When you execute an ALTER TABLE operation, you get a shared lock on that table. That allows other users to continue to read data from the table, but prevents them from making changes to the table. If other users want to do DDL operations (such as ALTER TABLE) on the same table at the same time, they will either have to wait or they will get an error message.
Also, in Advanced Replication setups, some solidDB statements (such as REFRESH or MESSAGE EXECUTE) that can be run with the optional PESSIMISTIC keyword, use EXCLUSIVE table-level locks even when the tables are optimistic.
Lock duration and timeout
By default, a lock is held from the time it is acquired until the end of the transaction (completed with commit or rollback). If you try to get an exclusive lock on a record that another user has already locked (shared or exclusive), you cannot get a lock; instead, your transaction fails with an error. You can define whether solidDB should fail your transaction immediately or, before failing, wait and try again for a specified number of seconds. This is controlled with a lock timeout setting.
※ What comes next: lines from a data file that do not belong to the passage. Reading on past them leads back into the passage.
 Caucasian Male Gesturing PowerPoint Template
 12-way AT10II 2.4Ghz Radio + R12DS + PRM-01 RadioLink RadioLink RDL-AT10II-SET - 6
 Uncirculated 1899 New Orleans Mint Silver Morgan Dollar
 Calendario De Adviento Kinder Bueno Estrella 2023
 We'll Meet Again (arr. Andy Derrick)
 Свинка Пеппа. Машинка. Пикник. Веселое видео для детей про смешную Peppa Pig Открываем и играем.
The lock timeout setting is the time in seconds that the engine waits for a lock to be released. If transactions tend to be very short, a brief wait allows you to continue activities that otherwise would have been blocked by locks.
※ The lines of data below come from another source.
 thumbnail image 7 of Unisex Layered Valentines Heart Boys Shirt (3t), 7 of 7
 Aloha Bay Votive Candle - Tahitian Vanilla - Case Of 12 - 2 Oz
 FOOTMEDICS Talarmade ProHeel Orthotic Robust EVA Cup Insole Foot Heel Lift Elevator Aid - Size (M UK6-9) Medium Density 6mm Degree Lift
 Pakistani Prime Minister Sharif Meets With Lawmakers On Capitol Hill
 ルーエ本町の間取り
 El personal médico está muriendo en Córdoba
When the lock timeout interval is reached, solidDB terminates the timed-out statement. For example, if User1 is querying a specific row in a table and User2 tries to update data in the same row, the update will not go through until the query for User1 is completed (or times out). If the query of User1 is completed and the User2 query has not timed out yet, a lock is implemented for the update transaction of User2. If User1 does not finish before the query of User2 times out, the server terminates the User2 statement.
LONG exclusive locks
solidDB allows you to prevent exclusive locks from being released when the locking transaction commits. These type of long exclusive locks are set with the LONG option in the LOCK TABLE statement, see LOCK TABLE.
For example:
LOCK TABLE emp IN LONG EXCLUSIVE MODE
If the locking transaction aborts or is rolled back, all locks are released, including LONG locks. You must unlock long locks explicitly by using the UNLOCK TABLE statement, see UNLOCK TABLE.
LONG duration locks are allowed only in EXCLUSIVE mode. LONG shared locks are not supported.
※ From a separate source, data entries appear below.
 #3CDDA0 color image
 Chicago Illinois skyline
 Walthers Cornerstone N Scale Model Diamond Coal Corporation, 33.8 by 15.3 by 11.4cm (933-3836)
Transaction isolation levels and lock duration
Update locks and exclusive locks are always held until the time that the transaction completes. Shared locks ("read locks") are also held until the end of the transaction but the transaction isolation level can affect how shared locks behave. For example, with the SERIALIZABLE isolation level, additional checks are made including that no new rows are added to the result set that the transaction should have seen. In other words, it prevents other users from inserting rows that would have qualified for the result set that is in the transaction.
Example
If a SERIALIZABLE transaction has an update operation as follows:
UPDATE customers SET x = y WHERE area_code = 415;
solidDB does not allow other users to enter records with area_code=415 until the SERIALIZABLE transaction is committed.
Note that the solidDB implementation of holding shared locks until the end of transaction differs from some other database programs. Some programs release shared locks before the end of a transaction, if the transaction isolation level is low enough. Other programs might allow you to extend the duration of read or shared locks to ensure that within a single transaction, data looks the same every time you view it.
Also, in other programs, transaction isolation level might affect not only how long you lock a record, but also what you see. For example, on systems that allow both READ UNCOMMITTED (sometimes called "dirty read") and READ COMMITTED isolation levels, your isolation level affects what you see, not just what other users can or cannot see because you have locked certain records.